Saturday, February 20, 2010

Lez not be friends...

Last night I had an unexpected surprise. One of my lesbian friends has been trying to hook me up and the woman called me last night. Was in my neighborhood and at my door in ten minutes. Happened quickly. I realized early on that it was not going to be a good fit for me. She wasn't that cute and was a pretty militant lesbian. I was going to dismiss her but then Daddy and I got into an argument and he got dismissive with me, called me an ass. What the fuck, why not? No reason I can't cum tonight too.

I took her to a neighborhood bar where there is live music. Amazing R&B bands and the entire place gets packed and thumping.
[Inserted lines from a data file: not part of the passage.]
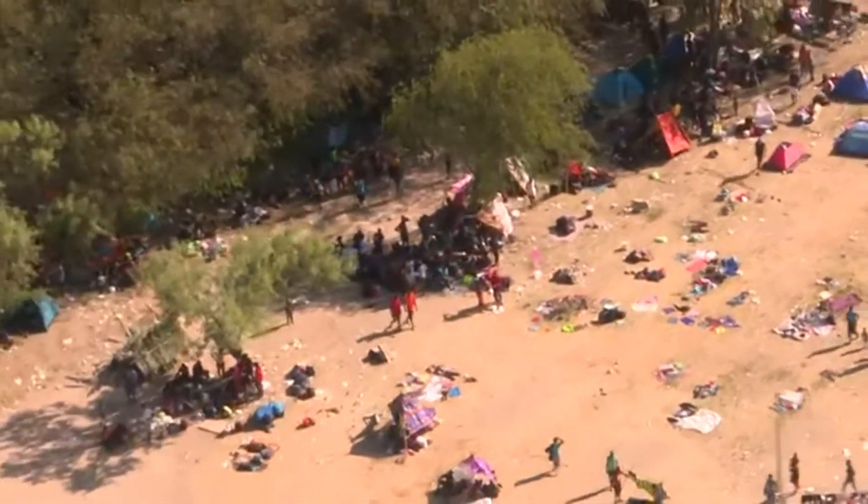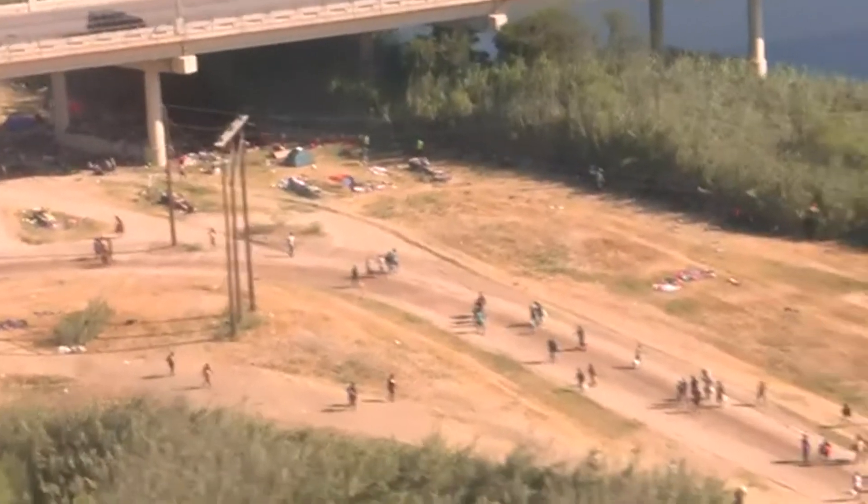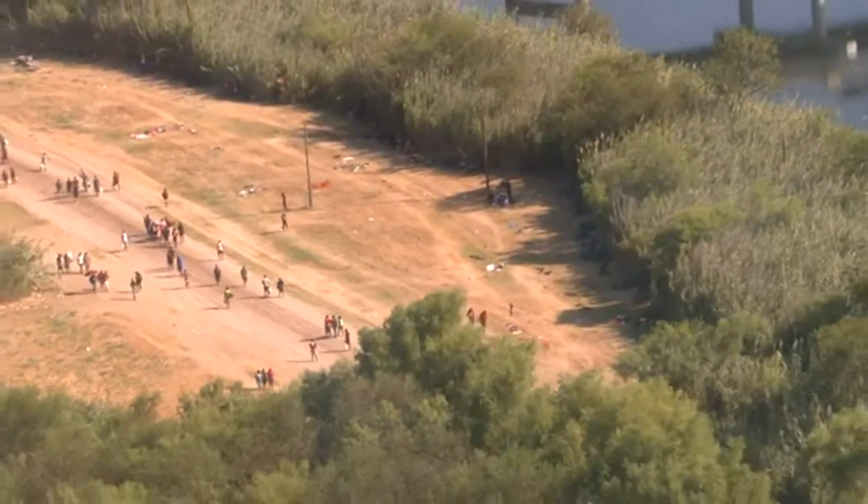Throughout the day — mornings and throughout the day — we check for illegal crossers if they cross in the dirt. You can see the weir dam right there. The amount of people that are coming across from Mexico right now — they get on the drag road and head straight to the processing bridge right there.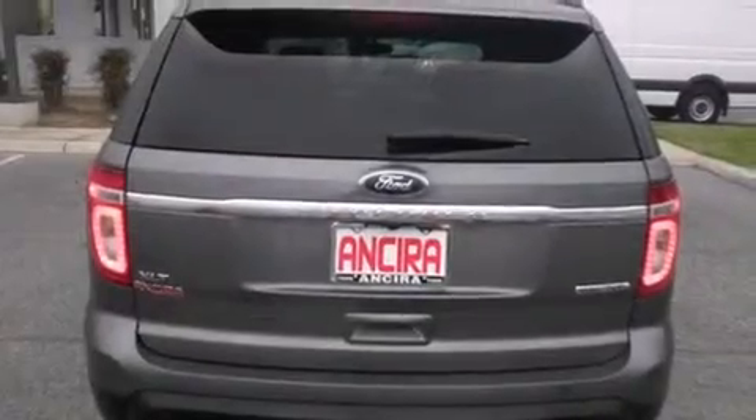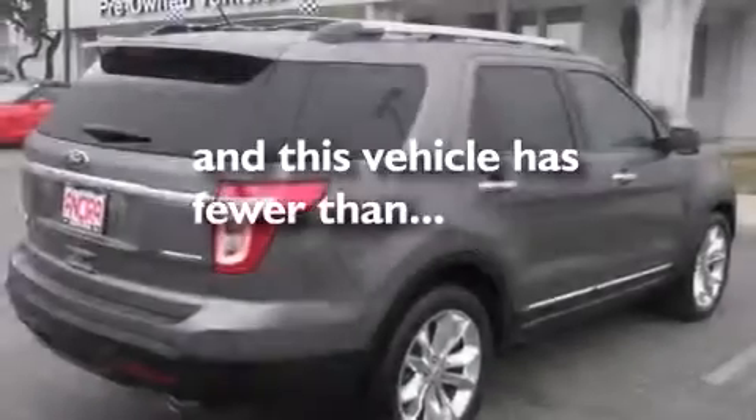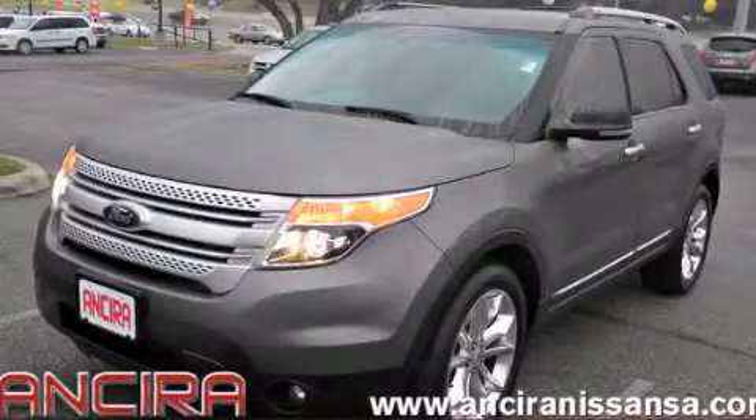Additional features include traction control and an anti-lock braking system. This vehicle has less than 37,000 miles. Call now to find out how you can own this breathtaking automobile.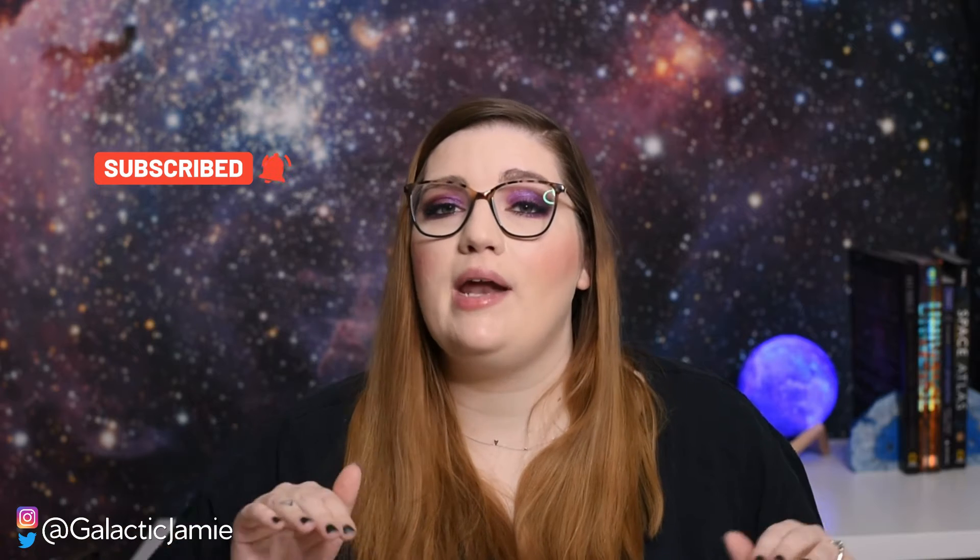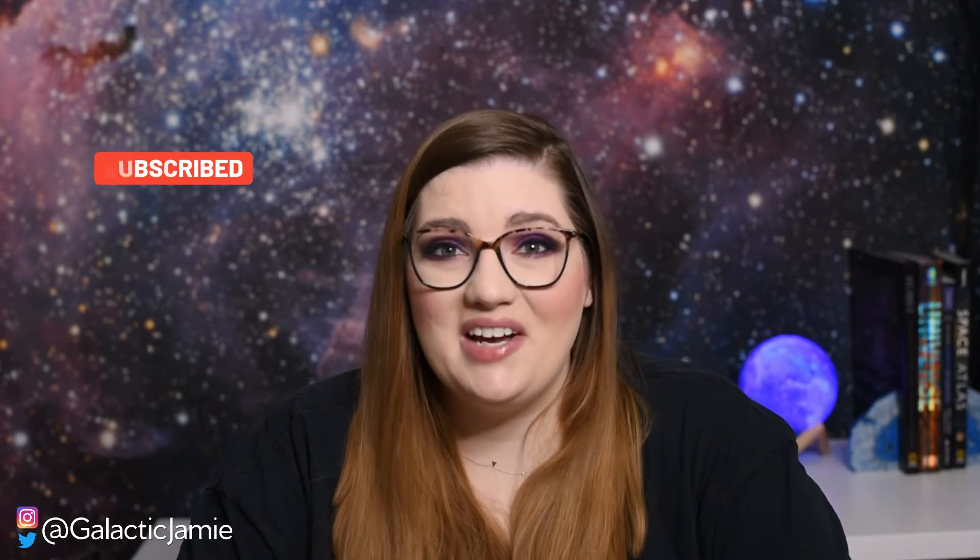Welcome to my channel. Each week I come on here to talk about my two favorite subjects: outer space and nail polish. So if you're a super space nerd like me, or if you love nail polish, go ahead and hit subscribe right now so you don't miss any of my videos.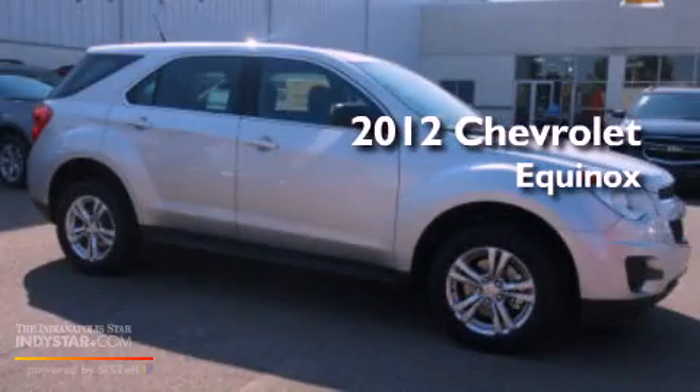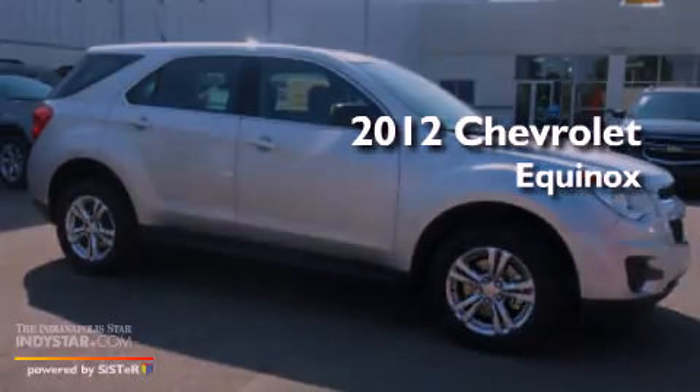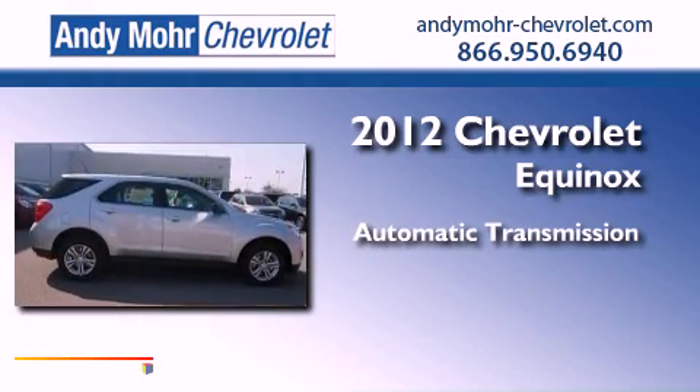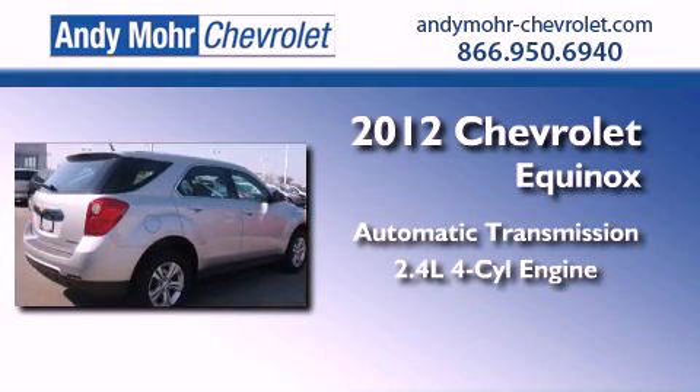This is a brand new 2012 Chevrolet Equinox. This crossover has an automatic transmission and an inline four-cylinder engine.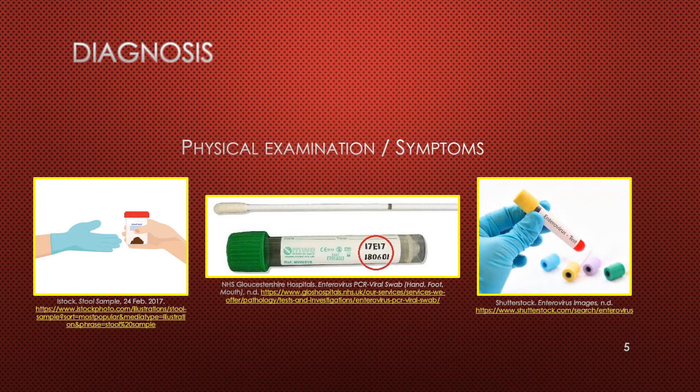Diagnosis is usually done from a physical examination where the physician looks at the sores and considers the report of symptoms, the age of the person, and if there are any known exposures. Lab testing may be done to confirm the diagnosis through a throat swab, blood test, or stool sample.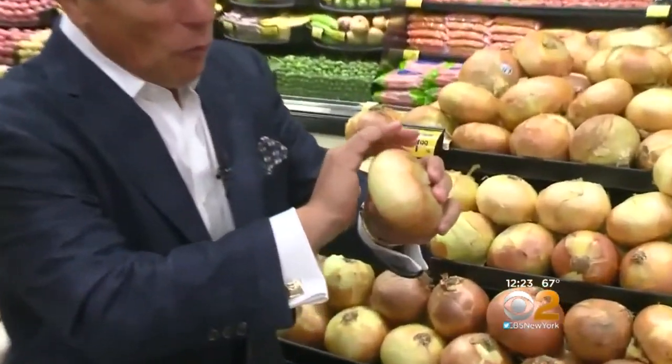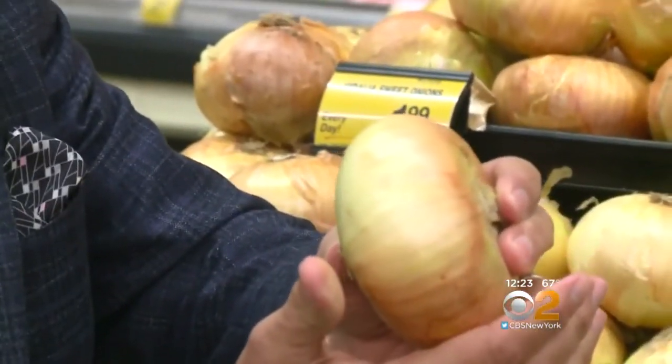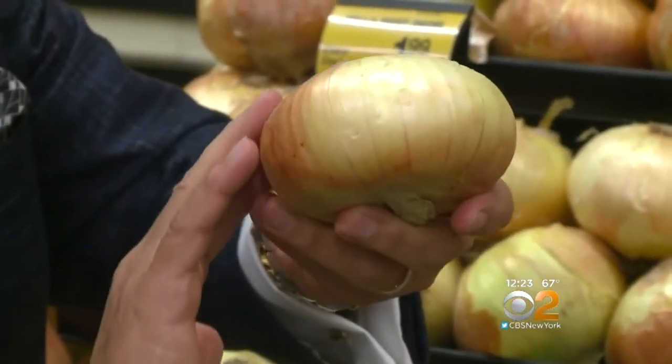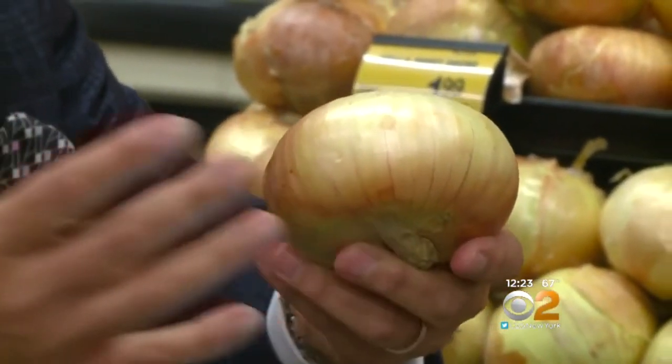Proper storage is very important. When you buy them, you want to make sure — come here, let me show you — they're free from any cracking whatsoever, and free from any sprouting whatsoever, with a translucent skin on the top. When you bring them home, keep them in a cool, dry place. Do not store them in the refrigerator, because that cold temperature will really hurt the onion.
We had a great time, drank....smoked (yup, I'm going to be in trouble for that.) I brought her back to my place and grudge fucked her. Didn't break in the Feeldoe, just wasn't feeling like I wanted to try to figure that shit out. Just lots of kissing and rubbing. She went down on me and got me to squirt. God that feels so fucking good! I haven't squirted in a while. I got off a few times, got her off. In the end it was grossly unsatisfying. Just sex. I won't see her again, really didn't care for her as a person. Plus she lives in Long Beach.

This morning I feel like crap, was out too late, too many cigs and I am hacking up a lung and a mild hangover. Got her out of here a couple of hours ago. Gong to yoga then have a shitload of housework to do. Supposed to see Daddy tonight, not sure if he will come over because I smoked last night. That was our deal. He may make an exception because I was lezzing out which he is encouraging. Hey, she was smoking and tasted gross! It helped overcome that barrier. Can't believe anyone ever kissed me the many years I smoked. Yuck.

Still feeling a bit Cinderella-esque today. My bed might as well have been empty. Very hollow experience.